Against this backdrop, one question stands out for Indonesia based investors: which listed company is best positioned to benefit? The answer, we believe, is PT Buana Lintas Lautan Tbk (BULL), a shipping company whose fleet is strategically deployed outside the Hormuz corridor, yet is seeing its charter rates lifted materially by the global supply shock. BULL's 10-vessel fleet, comprising 3 Aframax, 5 MR tankers, 1 LNG carrier, and 1 LPG carrier, is currently positioned across South America, North America, Africa, Europe, Turkey, South Korea/China, and Indonesia, none of them stuck in the Persian Gulf.
 


The global oil tanker market was already structurally tight before this crisis. Approximately 20% of the global fleet had been sanctioned, 17% of vessels were tied up in the Persian Gulf, and newbuild deliveries remain limited until late 2026 at the earliest.
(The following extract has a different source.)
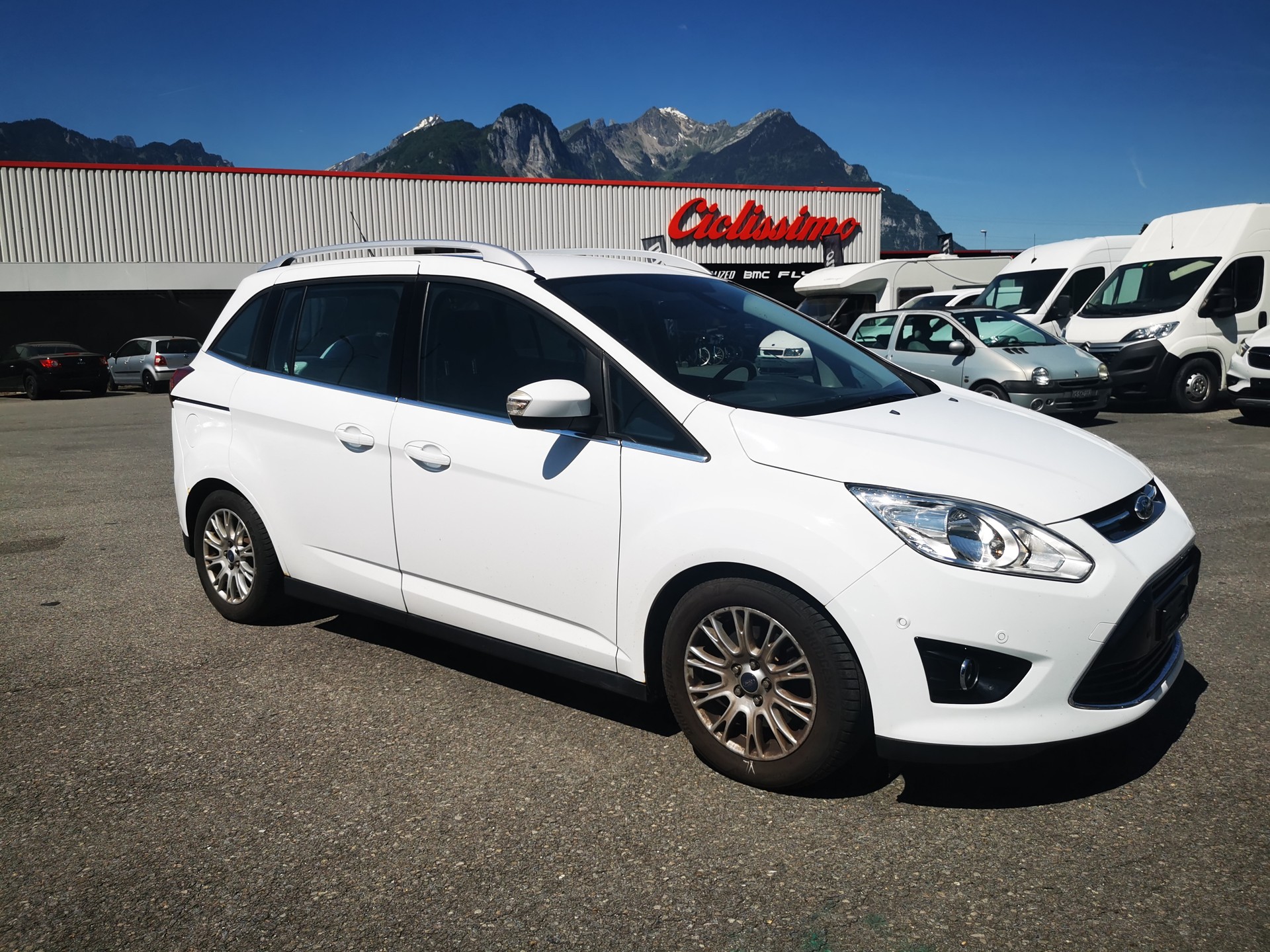 FORD Grand C-Max 1.6 SCTi Carving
The Hormuz closure is essentially a demand shock on top of a pre-existing supply constraint, and BULL, operating entirely on spot charter, is a direct beneficiary of every dollar of rate upside.

Beyond the tanker thesis, BULL is quietly building one of the most compelling LNG carrier businesses in Indonesia's domestic market. With the nearest LNGC delivery expected March/April 2026, and a pipeline of FSRU and FPSO tenders that could contribute meaningfully from 2027–2028, BULL is evolving from a pure tanker play into a multi-segment energy shipping platform. The company's rights issue (PMHMETD) planned for 2H26 will further capitalize the balance sheet to fund an accelerated fleet expansion, targeting DER of 2.0x from just 0.6x currently.
 

Note: Management's conservative modelling assumptions are well below current spot, significant upside optionality.
 

Management's 2025F Aframax TCE assumption of USD 50k/day and 2026F at USD 60k/day appear deeply conservative against current spot of USD 100k/day. Each USD 10k/day increment above assumption across 3 Aframax vessels translates to meaningful incremental quarterly EBITDA.

Furthermore, BULL's next LNGC delivery is March/April 2026, with a target of 3–4 vessels by end-2026. Currently, Indonesia has ~8 domestic LNGC vessels, of which 4 are locked on time charter, leaving just 4 competing on spot tenders from Pertamina, PLN, and PGN. Domestic TCE of USD 40–50k/day against opex of USD 11–12k/day implies margins of 70–75%.

We think this is a timely moment to revisit BULL, not just as a tactical trade on Hormuz disruption, but as a structurally underappreciated shipping company with earnings power, asset value, and a long-term growth pipeline that the market has yet to fully price in.